Trump defends himself against such charges by arguing that race and ethnicity are not factors if he doesn’t mention them. That was his line when he let loose on the professional football players, most of whom were black, who knelt during the National Anthem to protest the state of blacks in America, particularly the pattern of police killing unarmed blacks with impunity. At a rally in Alabama, Trump declared, “Wouldn’t you love to see one of these NFL owners, when somebody disrespects our flag, to say, ‘Get that son of a bitch off the field right now. Out! He’s fired. He’s fired!’” The virtually all-white crowd gave his words a long, loud cheer. He virtually advocated a boycott of the NFL. He ignored the issues the players were addressing, and he ignored the enormous contributions that many make in poor neighborhoods across the country.
Trump voters often take umbrage at being called racists for supporting this racist. But they can’t escape so easily. His crude bigotry was entirely evident during the campaign. Indeed, it was a keystone of his campaign. As everyone must remember, when he announced his run in June 2015, he said of Mexicans, “They’re bringing drugs. They’re bringing crime. They’re rapists. And some, I assume, are good people.” Again and again as he bashed immigrants, crowds of his supporters—almost all of them white—roared their approval.
The gravitational pull of his bigotry seems to overpower decency and sound judgment, not to mention the country’s interests. He has facilitated the coalescing of neo-Nazi, Ku Klux Klan, and other white supremacist movements and gave light to the sickest tendencies in American society after a white supremacist march in Charlottesville, Virginia last August. He equivocated after thousands of torch-bearing whites carried swastikas and banners reading, “Jews will not replace us,” and one of their number rammed a vehicle into a crowd of counter-protesters, killing a young woman and injuring 19.
He blamed both the white nationalists and the counter-protesters for violence and said, “You also had some very fine people on both sides.” David Duke, the former KKK leader, praised the president’s statement. In ensuing days, Trump finally condemned the Klan and neo-Nazis, but he could not erase the stain of his first statement.
The examples keep coming to the surface. In an Oval Office meeting with officials last year, Trump was said by some present to have decried the admission of “Haitians to the country,” The New York Times reported, “saying that they all had AIDS, as well as Nigerians, who he said would never go back to their ‘huts.’”

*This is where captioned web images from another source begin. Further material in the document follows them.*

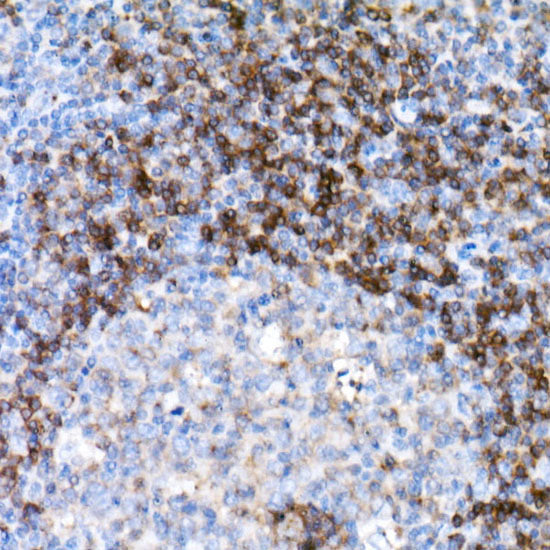 CD79B Rabbit mAb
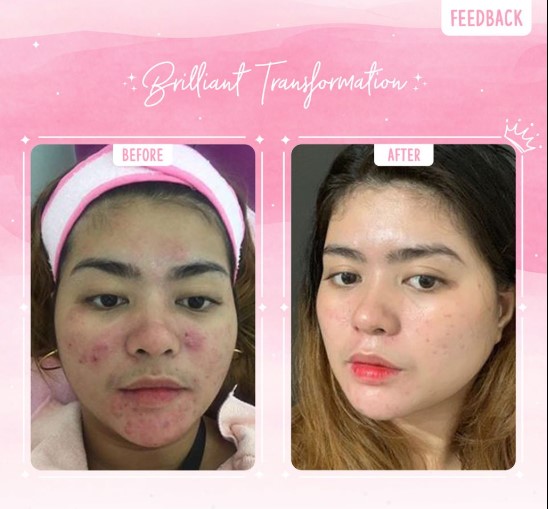 Brilliant Skin Rejuvenating Facial Set 4 Produk Original Skincare No 1 Philipina Ready Stock Lazada Indonesia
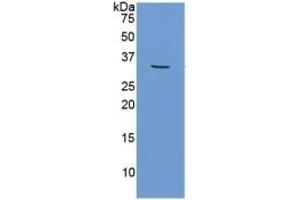 WB of Protein Standard: different control antibodies against Highly purified E.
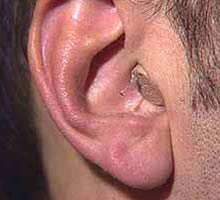 Meniere'sDisease - HIPERnatural.COM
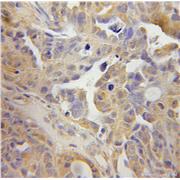 TSP50 Rabbit Polyclonal Antibody (12574-1-AP)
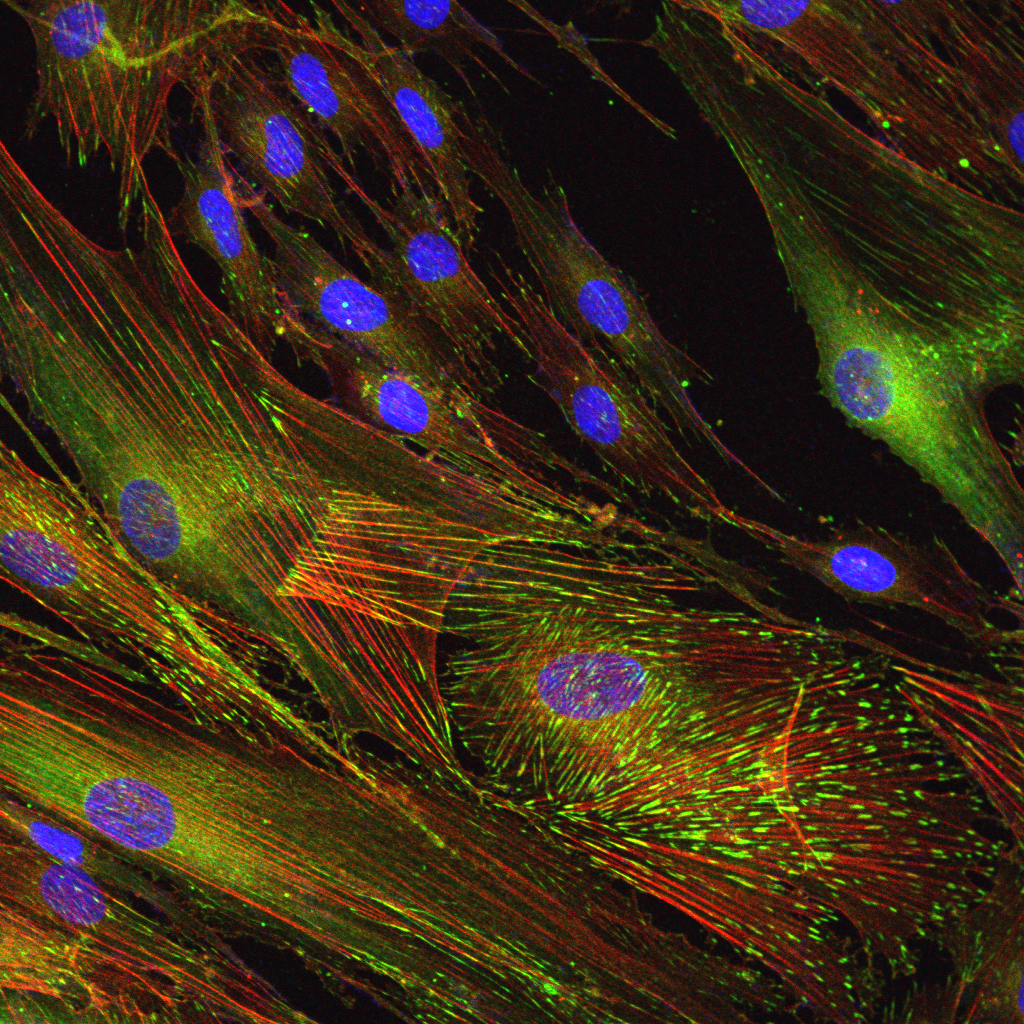 An image of trabecular meshwork cells, which play a critical role in regulating intraocular pressure, taken by the laboratory of David J. Krizaj, PhD.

Now, this week, we have his slur against a large swath of the world, telling a Congressional delegation trying to work out immigration reform that he didn’t want people from “shithole countries” like Haiti and African nations but would rather have immigrants from Norway. It’s a safe bet that he was thinking of the blond, blue-eyed Christians from Norway, not Muslim immigrants who live there.
Democratic Senator Richard J. Durbin of Illinois, who was present, told reporters that Trump had repeatedly said “things which were hate-filled, vile, and racist.”
Hours later, Trump signed a declaration honoring Martin Luther King Jr. Day.